The concept of a ‘test case’ has been misinterpreted over the years.
In 1995 the Social Welfare Appeals Office considered an appeal against a Departmental Deciding Officer determination that a person working as a courier, was in the particular circumstances of the case, employed rather than self-employed. The Appeals Office determined on appeal that the worker was in fact self-employed. In reaching this determination the Appeals Officer set out a number of criteria that informed the decision and that could then be used on a case by case basis when deciding whether a worker was employed or self-employed. It is not the case that the determination by the Appeals Officer was used to classify all people working as couriers as self-employed.
While Deciding Officers in my Department have regard to the findings of the Appeals Office, they are required to assess each new case on an individual basis, considering all of the terms and conditions of the particular employment. Accordingly, subsequent to the 1995 Appeals Office decision, and taking account of the criteria set out in that decision, Scope Section has found some couriers to be employees and others to be self-employed.
In the years following the decision of the Appeals Officer in 1995, the evolving case law of the time clarified and expanded the criteria that should be applied in determining questions of employment status. These criteria were codified into the first Code of Practice, published in 2001. This Code was devised by the Employment Status Group, involving trade union and employer representatives, under the Programme for Prosperity and Fairness and has been recently updated following consultation with the same groups.

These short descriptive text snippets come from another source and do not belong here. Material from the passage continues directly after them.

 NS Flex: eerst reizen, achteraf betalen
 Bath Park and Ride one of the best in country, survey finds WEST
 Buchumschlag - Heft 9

The outcome of any case with respect to a worker in a particular occupation or sector is not applied to an occupation or entire sector. All workers are entitled to a determination of their status on an individual basis with each application for a determination subject to decision on its own merits taking account of the criteria set out in the Code of Practice.
The criteria used for deciding the insurability of couriers are the same criteria used for deciding the insurability of individuals in all other sectors. This criteria is set out clearly in the Code of Practice on Determining Employment Status and it is based on case law set down by the Courts. The Henry Denny case (Henry Denny & Sons (Ireland) Ltd v Minister for Social Welfare  IESC 9), to which the Deputy refers, is one of many High Court and Supreme Court cases which are instructive in employment status cases. Decisions made by my Department are guided by the case law as it evolves. For this reason, an indicative list of key Court decisions is contained at page 33 of the Code of Practice.

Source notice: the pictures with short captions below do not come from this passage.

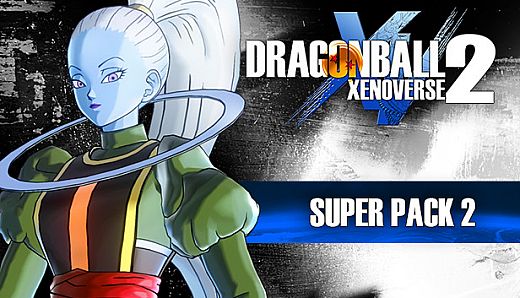 DRAGON BALL XENOVERSE 2 - Super Pack 2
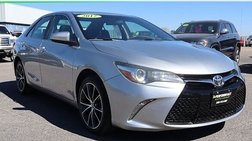 2017 Toyota Camry XSE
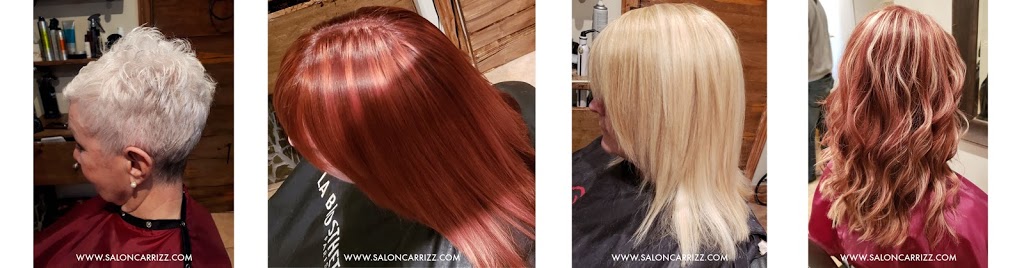 Salon Carrizz | Post Rd, Niagara Falls, ON L2H 2L3, Canada | Phone: (905) 327-7338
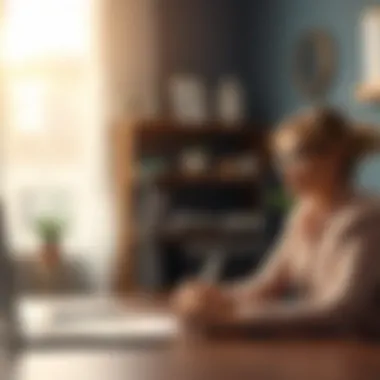 Diverse Loan Types Available Visual representation of loan types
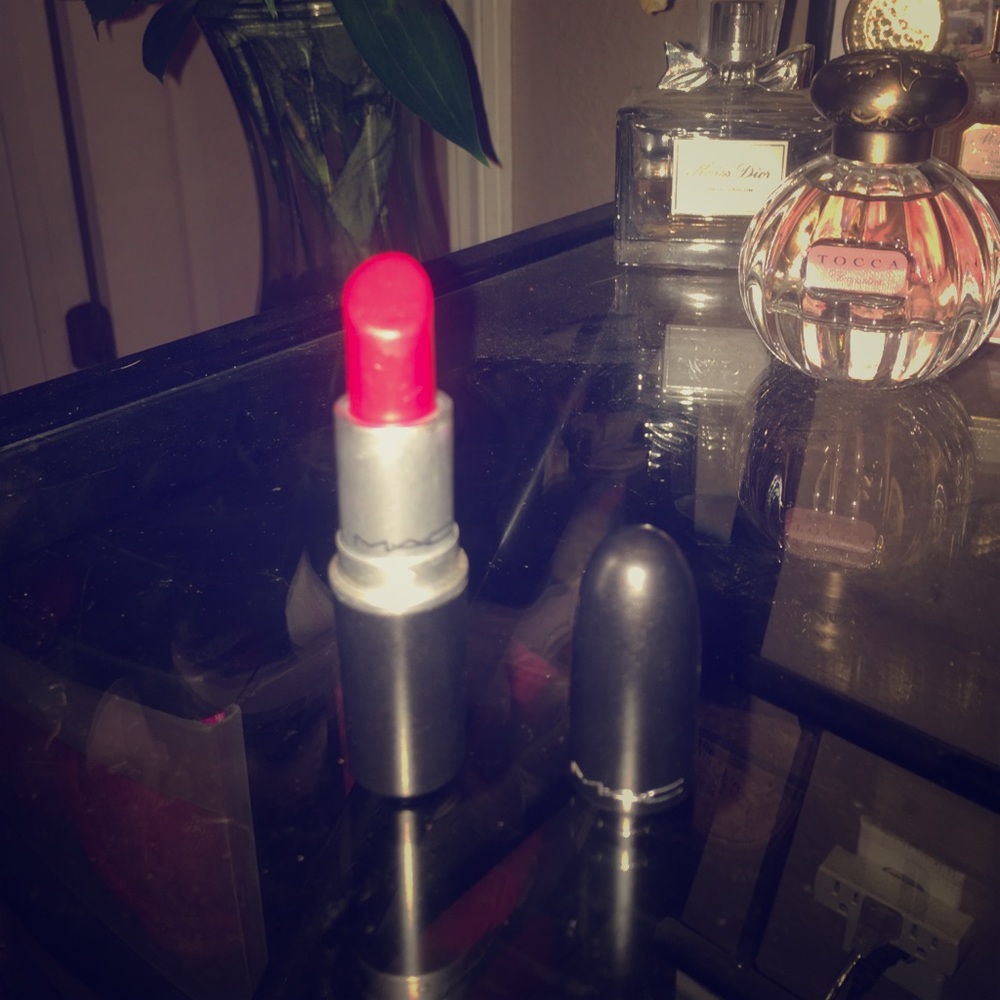 Mac "Red" lipstick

In relation to the Revenue Tax Briefing of 1997 referred to by the Deputy, it is important to emphasise the distinction between the remits of my Department and that of the Office of the Revenue Commissioners. While I understand that the Revenue Commissioners has had regard to the criteria first identified in 1995 and subsequently expanded and codified in 2001 (updated in the past year), the Revenue Commissioners make decisions on tax matters under statutory powers granted to them and are required to act independently of Government in the exercise of their functions.

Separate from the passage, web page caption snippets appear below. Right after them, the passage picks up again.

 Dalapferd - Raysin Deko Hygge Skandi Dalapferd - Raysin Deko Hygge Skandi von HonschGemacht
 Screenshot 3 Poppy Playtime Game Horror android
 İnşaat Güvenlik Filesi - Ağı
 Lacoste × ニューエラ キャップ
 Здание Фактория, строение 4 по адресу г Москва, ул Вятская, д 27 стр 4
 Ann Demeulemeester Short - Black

My Department has the statutory power to determine which social insurance class applies to an individual. The Revenue Commissioners do not make decisions regarding social insurance status, only tax matters. Equally, decisions of my Department as to PRSI insurability do not affect tax liability.
I encourage any worker who has doubts about their social insurance classification to apply to Scope Section by e-mailing: email@example.com, phoning: +353 (0)1 673 2585 (9am-5pm) or writing to:
Department of Social Protection
Áras Mhic Dhiarmada
I trust this clarifies matters for the Deputy.